(Short descriptive text snippets)
□ □ □ □

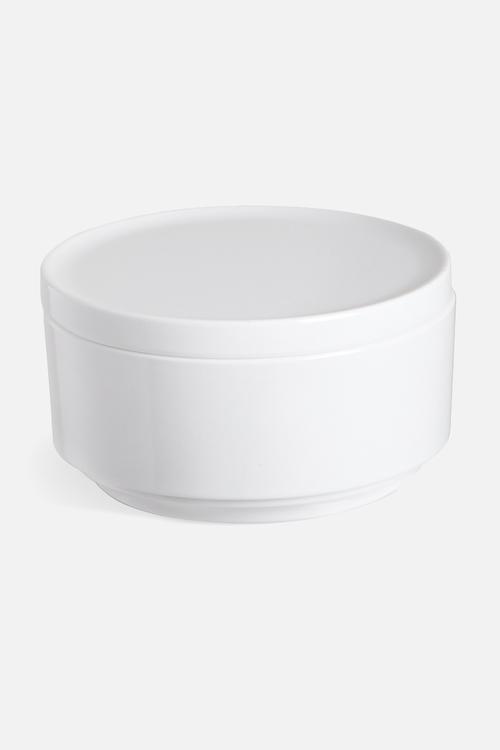 Step canister 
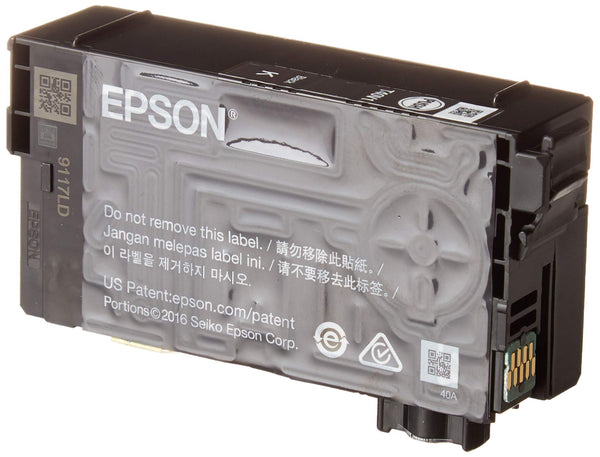 EPSON T40W120 HIGH CAPACITY CARTRIDGE INK - Wide World Maps & MORE!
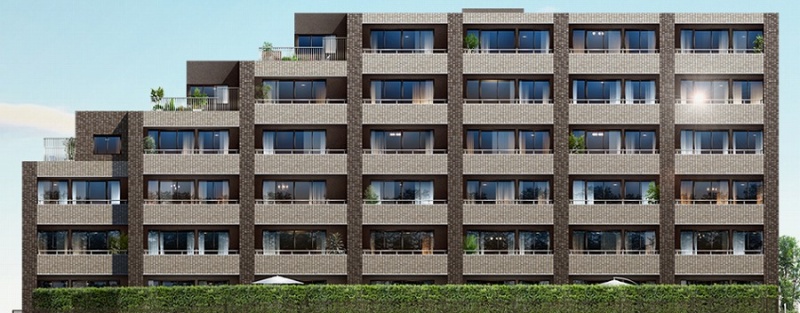 ファイル:ソライエ東川口プレミアムレジデンス 完成予想図 180128.jpg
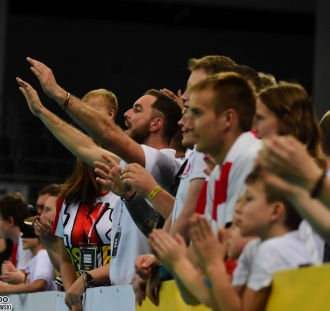 [SIATKÓWKA] ŁKS Commercecon Łódź - Energa MKS Kalisz (20)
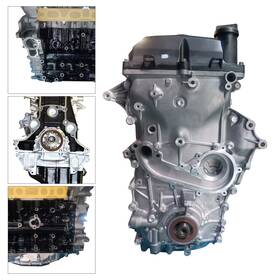 Artudatech 2tr-fe Brand New Engine Motor Assembly 4-cylinder For Toyota Tacoma 2.7l 05-2015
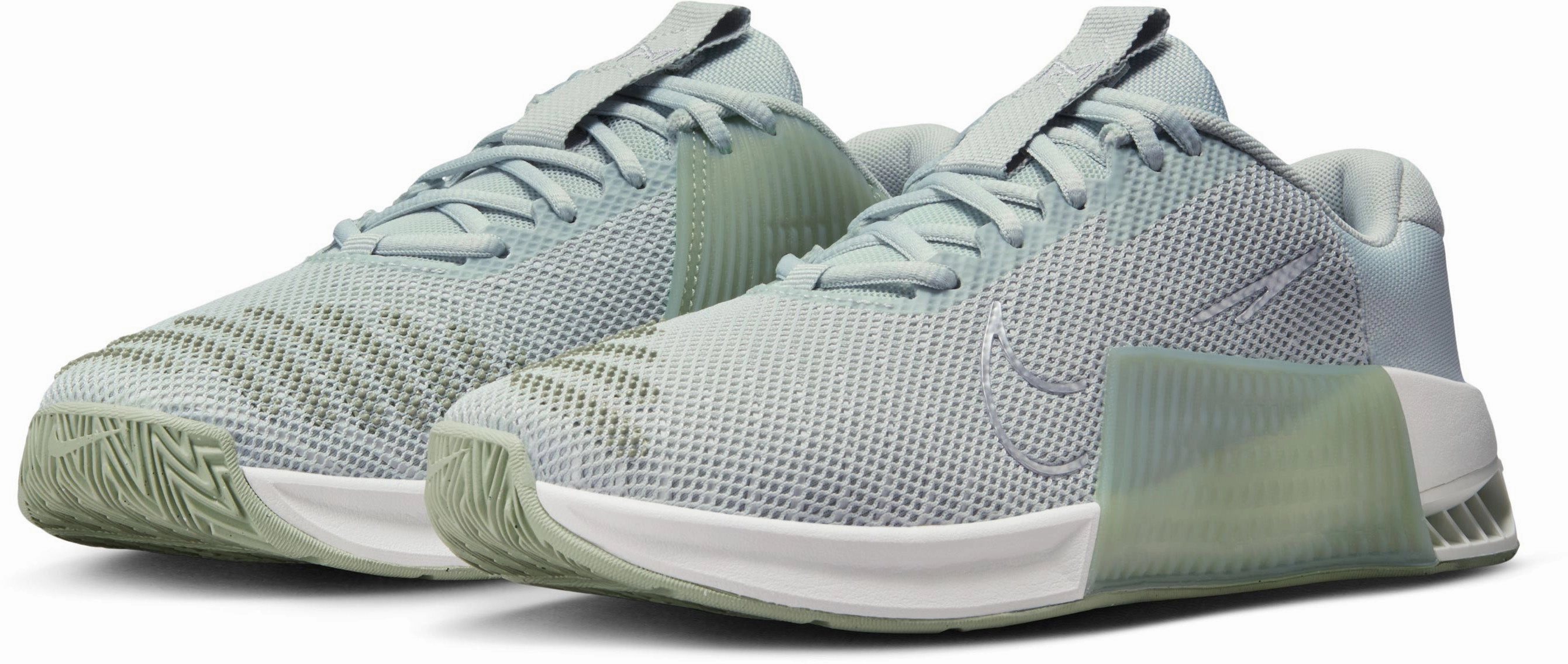 Metcon 9 Women's Training Shoes Work-appropriate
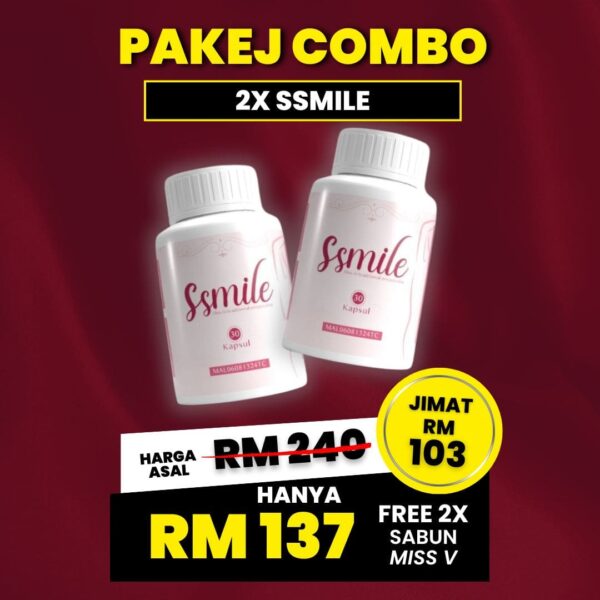 Pakej Combo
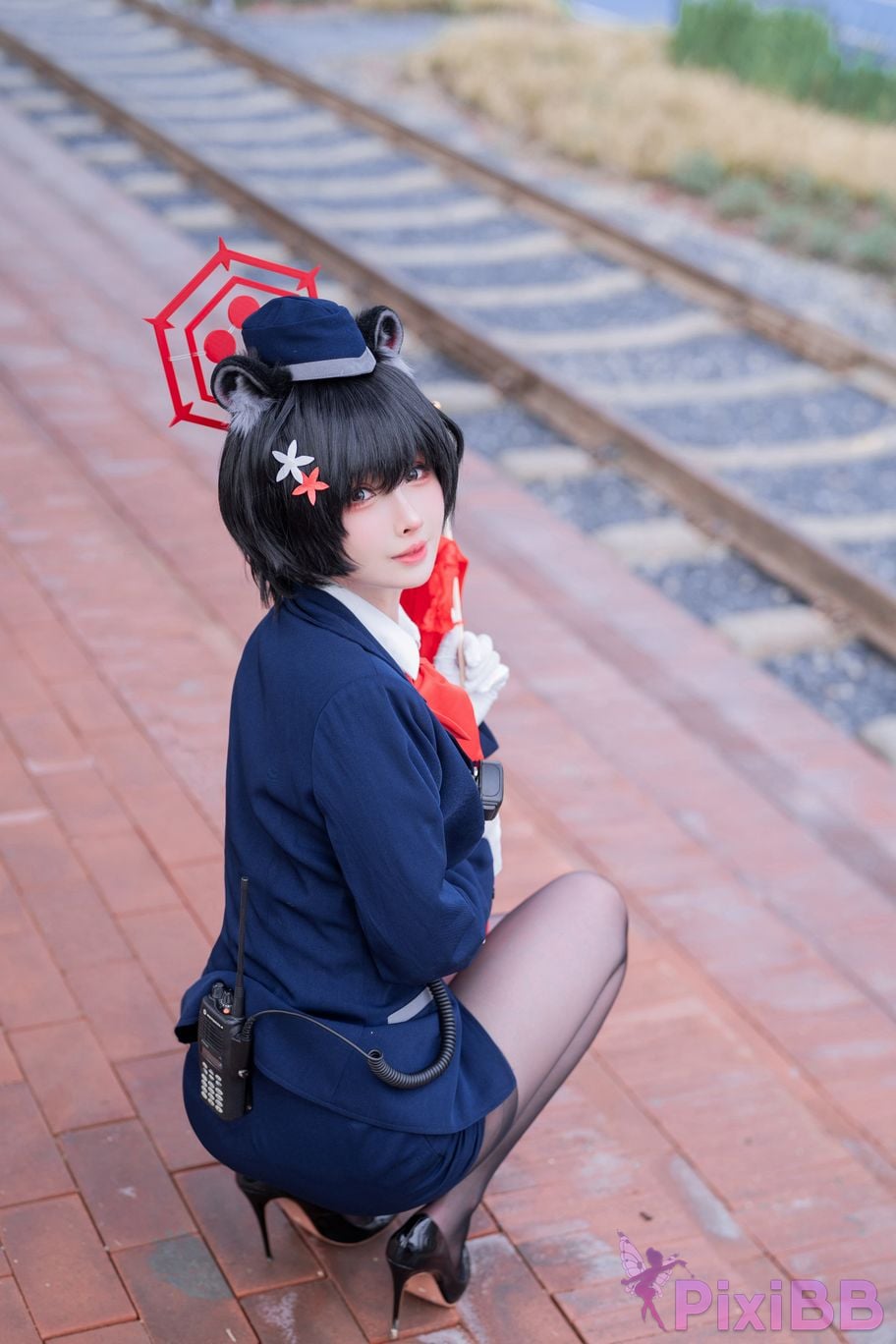 Coser rioko PixiBB.COM 034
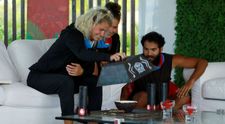 „Băi, nu cred, nu m-am gândit la asta!” Recompensă istorică la Survivor 2023. Echipa lui Robert Moscalu se bucură de un premiu deosebit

□ □ □ □

◆ AIM OF THE EXERCISE ◆
Strip the images and return the remaining data exactly.

◆ WORKED SOLUTION ◆
 Step canister 
 EPSON T40W120 HIGH CAPACITY CARTRIDGE INK - Wide World Maps & MORE!
 ファイル:ソライエ東川口プレミアムレジデンス 完成予想図 180128.jpg
 [SIATKÓWKA] ŁKS Commercecon Łódź - Energa MKS Kalisz (20)
 Artudatech 2tr-fe Brand New Engine Motor Assembly 4-cylinder For Toyota Tacoma 2.7l 05-2015
 Metcon 9 Women's Training Shoes Work-appropriate
 Pakej Combo
 Coser rioko PixiBB.COM 034
 „Băi, nu cred, nu m-am gândit la asta!” Recompensă istorică la Survivor 2023. Echipa lui Robert Moscalu se bucură de un premiu deosebit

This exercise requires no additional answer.